Infelizmente, precisou-se de uma Pandemia para que houvesse um “despertar” da população em relação a essas questões que sempre estiveram transitando entre nós, mas de uma maneira bastante invisibilizada pela ausência de uma repercussão mais incisiva por parte dos governos e órgãos de comunicação e de informação. A verdade é essa.

Anualmente, são milhões de vidas perdidas para doenças infectocontagiosas, muitas delas já preveníveis pela imunização, ou tratadas por medicamentos; mas, que permanecem negligenciadas, na maioria das vezes, pelos próprios cidadãos. Seja por más práticas de higiene. Seja por desconhecimento a respeito dessas doenças. Seja por descuido na convivência com certas espécies animais que são reservatórios de certos vírus, protozoários, bactérias e fungos. ...
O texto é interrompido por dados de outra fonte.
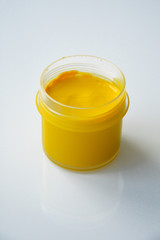 paint in jars. gouache. bright color. material for artists, drawing.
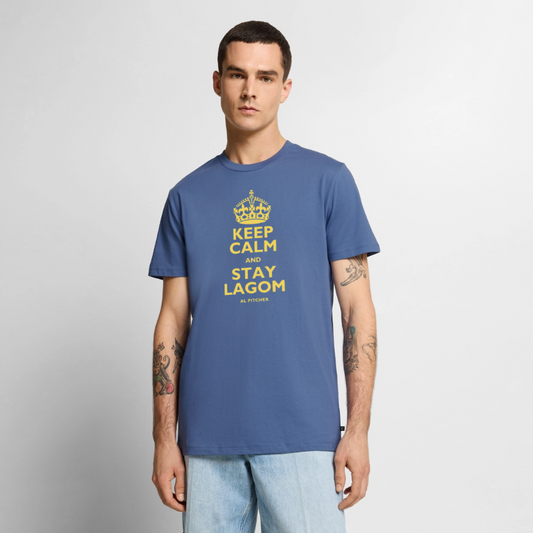 "Stay lagom" T-shirt - stone blue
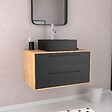 AURLANE - Meuble de Salle de Bains 80 cm avec Vasque Carrée - Finition Chêne naturel et Noir Mat - UBY - vignette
As pessoas precisam se dar conta de que a teimosia não garante a imortalidade. Muito pelo contrário. A teimosia está adoecendo e matando milhões de pessoas por aí e se você não se cuidar poderá ser o próximo da fila. A teimosia está dilapidando a humanidade naquilo o que é mais importante, a sua gente. A teimosia está causando dor e sofrimento físico e moral. A teimosia está nos entristecendo, nos enraivecendo, nos brutalizando a essência. A teimosia está nos paralisando o desenvolvimento, a criatividade, a inovação, nos colocando na posição do atraso, da barbárie, da involução. ... Afinal, teimar quando tudo prova e comprova o contrário é a mais pura exibição da vaidade ignorante, da estupidez à enésima potência, do abandono completo da razão.  

 



1 Relaciona o número de óbitos por uma determinada causa e o número de pessoas que foram acometidas por uma determinada doença.

2 Refere-se ao conjunto dos indivíduos que morreram num dado intervalo de tempo. Representa o risco ou probabilidade que qualquer pessoa na população apresenta de poder vir a morrer ou morrer em decorrência de uma determinada doença.

3 Refere-se ao conjunto dos indivíduos que adquirem doenças (ou determinadas doenças) num dado intervalo de tempo em uma determinada população. Portanto, ela mostra o comportamento das doenças e dos agravos à saúde na população.